’30th May Sit At Home’ Is About Those Who Fought And Died For Your Freedom – IPOB
The past few days have witnessed a remarkable public interest in the symbolism of the 30th May Biafra Remembrance, particularly the ‘Sit At Home’ order. 30th May is just one day in 366 days but it represents an enduring epitaph that recalls many great feats, struggles and tribulations. It is about the greatest collective self-defense against a genocide that lasted four years from 1966 to 1970.

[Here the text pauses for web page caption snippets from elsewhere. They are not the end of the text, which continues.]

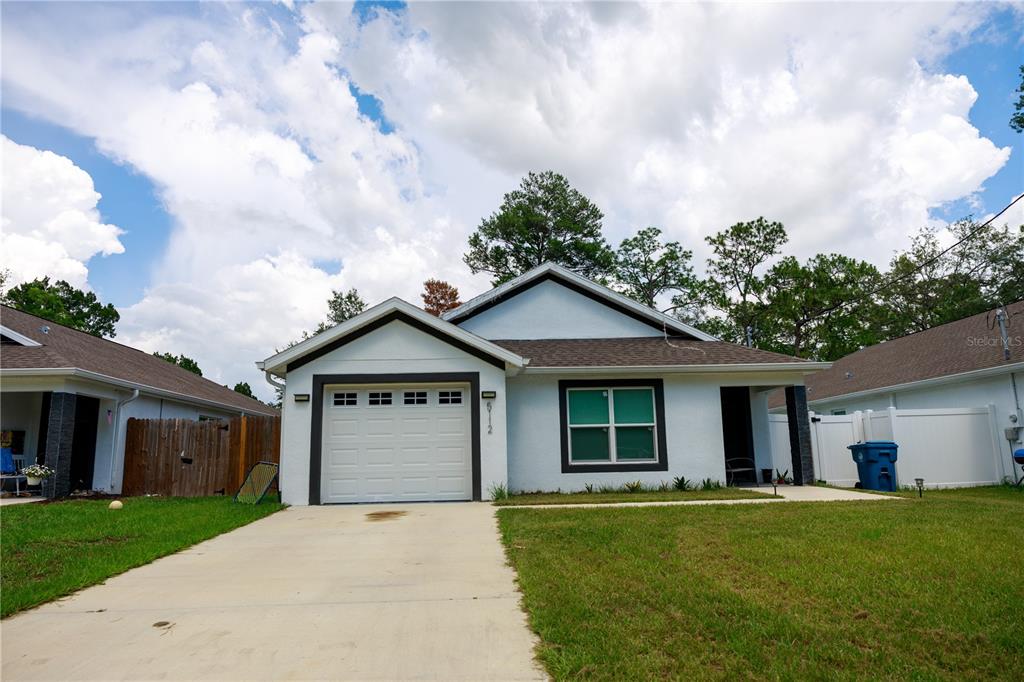 a front view of a house with a garden and yard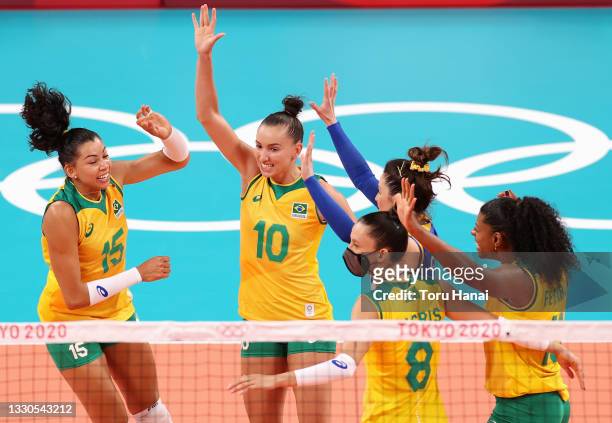 Gabriela Braga Guimaraes of Team Brazil reacts with team mates against Team South Korea during the Women's Preliminary - Pool A on day two of the...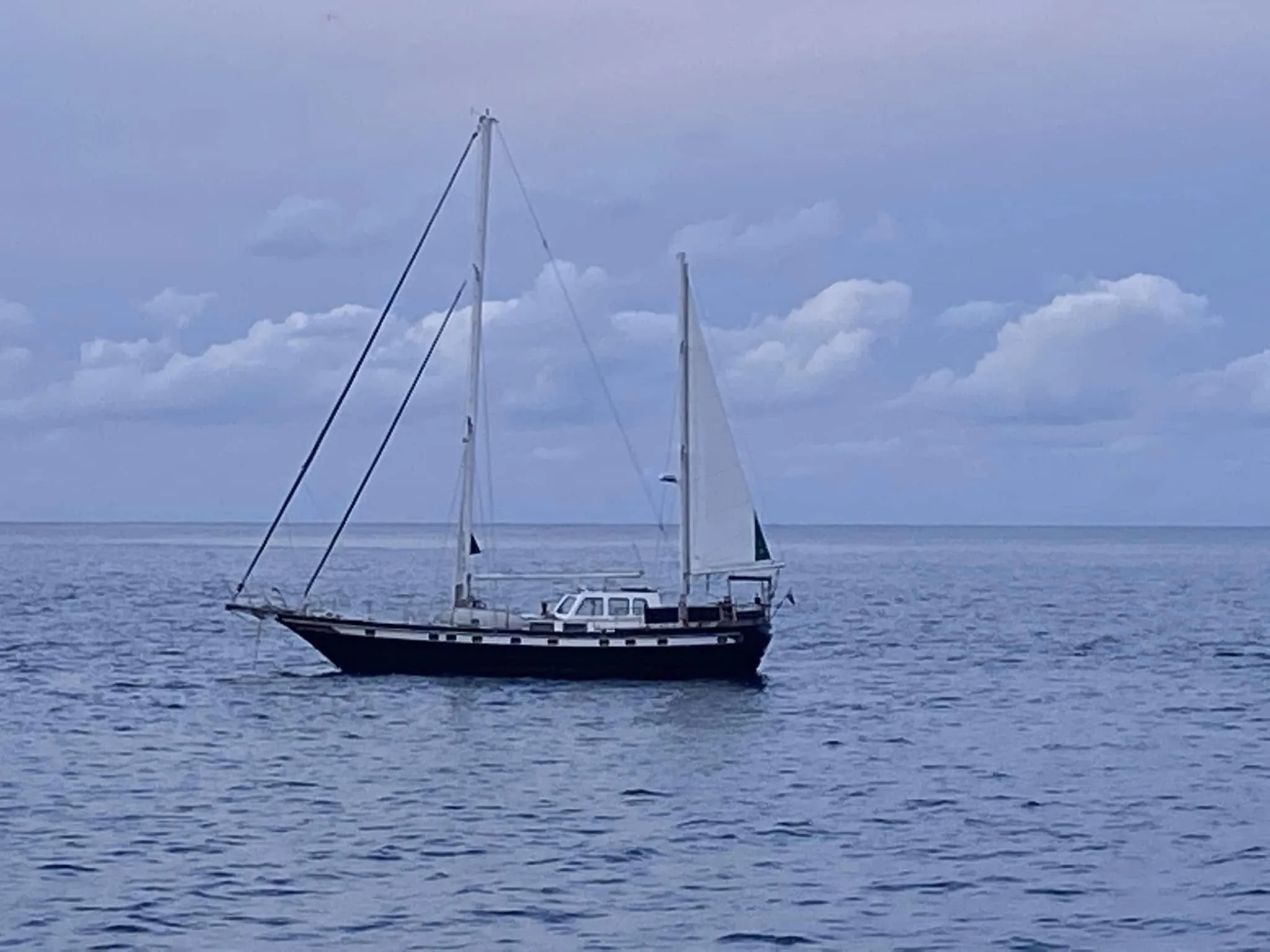 Sea Dragon at anchor under a blue evening sky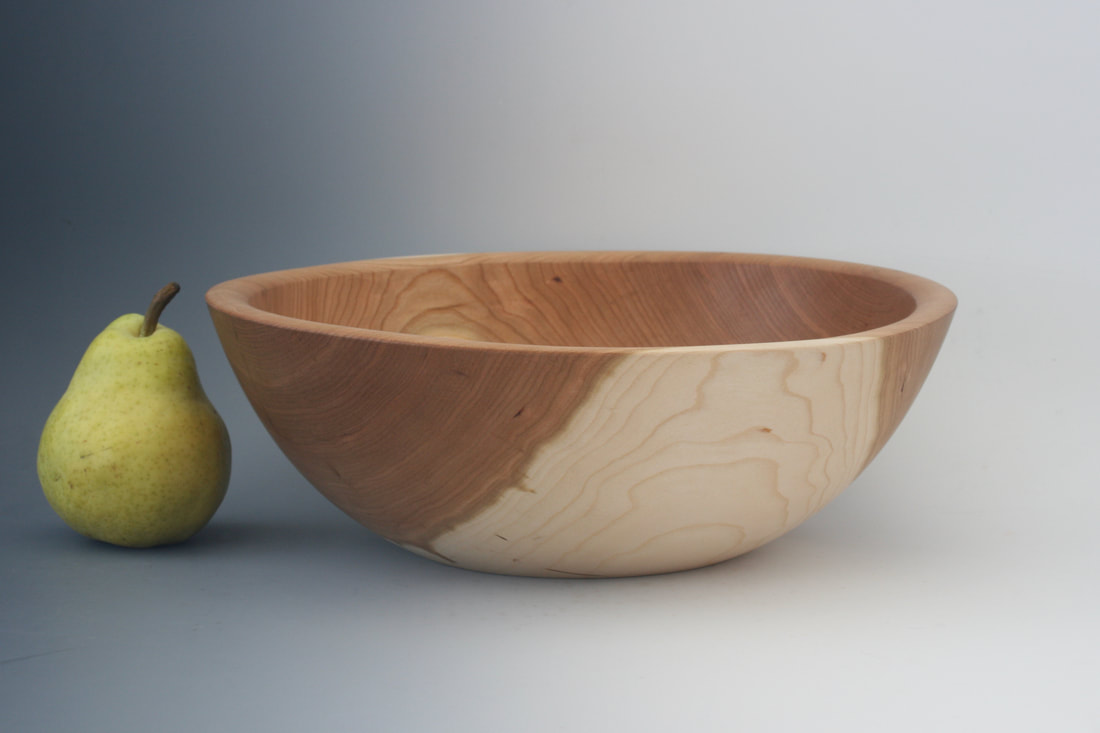 Cherry wood turned bowl with fruit.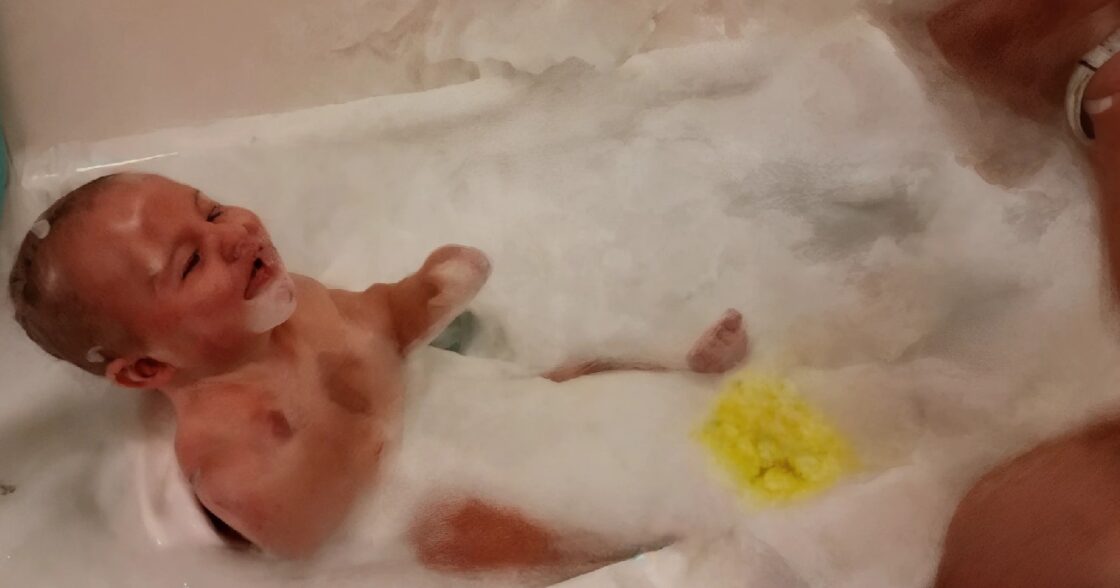 De schattige baby begint te lachen als zijn vader schuim blaast in bad wat een aanstekelijke lach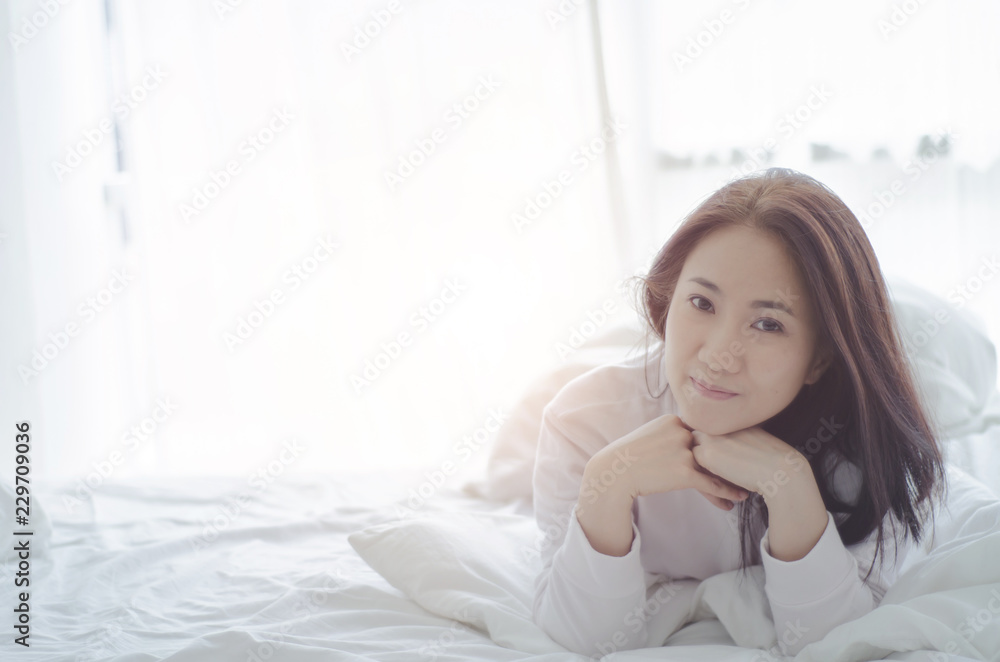 Beautiful woman sleeping in the bedroom. Asian women sleep well.Sleeping in a white room makes you feel comfortable. Warm tone. Beautiful woman sleeping in the bedroom. Asian women sleep well.Sleeping in a white room makes you feel comfortable. Warm tone.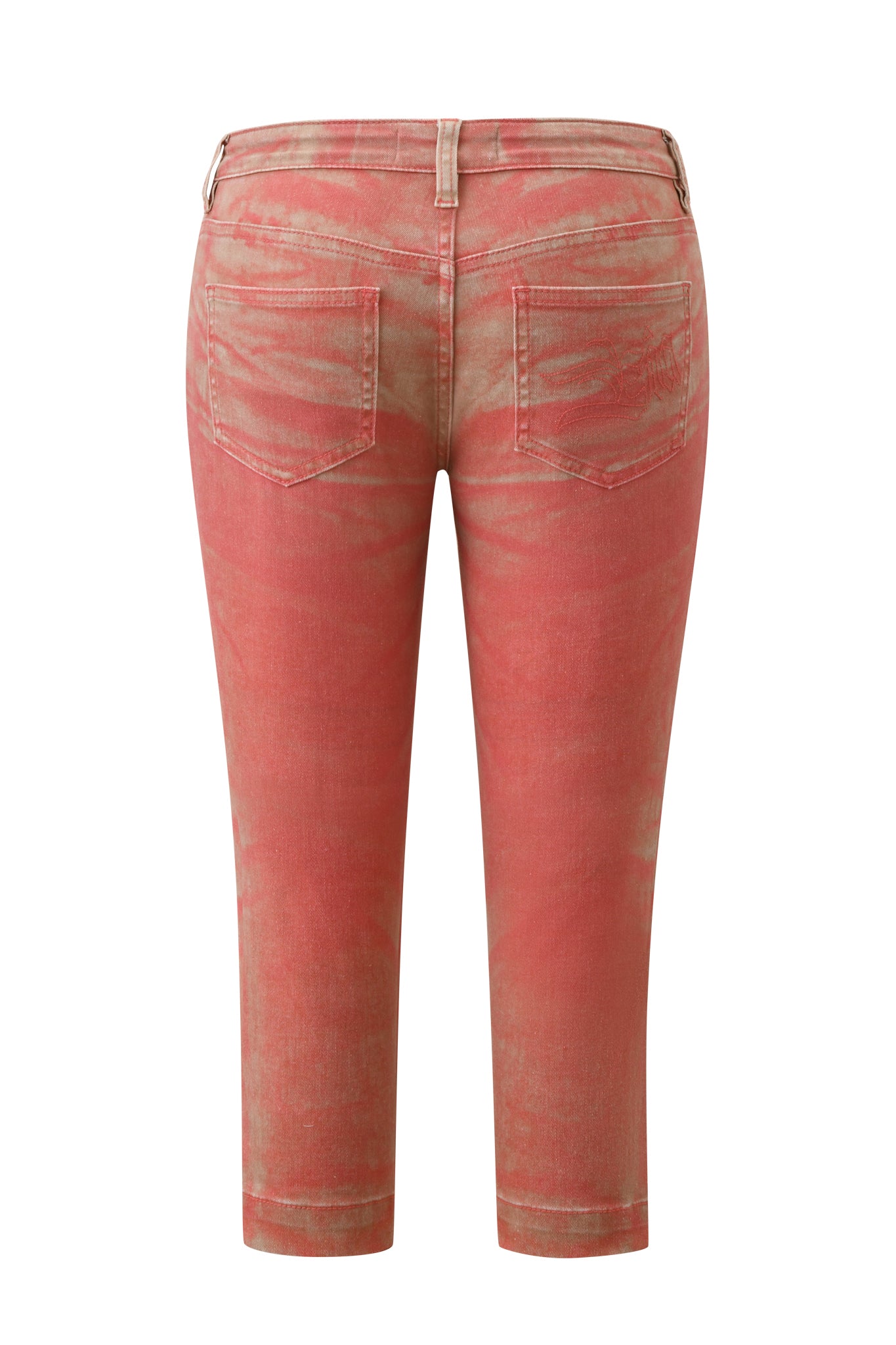 The back view of the SUNSET CAPRI JEAN - PEACH by I.AM.GIA showcases cropped, high-waisted jeans in a red-pink hue with a peach ombré wash and a subtly faded, distressed finish. Made from stretch denim, these jeans feature two back pockets and belt loops, photographed against a white background.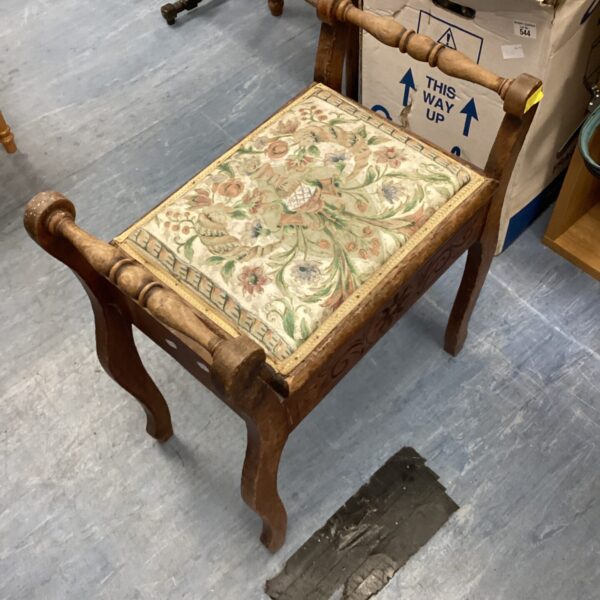 Vintage sewing stool with detailed needlepoint upholstery and storage.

It is about remembering and honoring those who fought valiantly against that genocide, and those who could not make their way safely to the East as they succumbed to the sheer numbers and bloodlust of their supposed Northern compatriots who sought their gruesome death for nothing except for jealousy and speaking a different tongue.
It is also about saluting the supreme sacrifice of all Biafrans who have formed the only bulwark against the renewed vigor of hatred of Biafrans that has resurged since 30th May, 2015. Many have died resisting, many have been maimed, many have been traumatized; but for all of us who continue to survive, the only thing that makes us human, gives us honor and succor is to ‘Sit At Hone’ and remember.
It is about remembering Mazi Ugo Ukandu who, in 1967, separated from his two fleeing brothers in Kaduna and faced down his pursuers. According to the eyewitness account of an American missionary, “Ukandu separated from his brothers and ran headlong into the wild crowd surging towards him. And in a twinkle, he disarmed the first one that lunged at him with a cudgel. With that cudgel, Ukandu was able to fatally mow down at least 20 of his assailants before their sheer numbers overwhelmed him. His courage and strength was a sight to behold and remember forever”. Sitting at home on 30th May is but one small act of remembrance.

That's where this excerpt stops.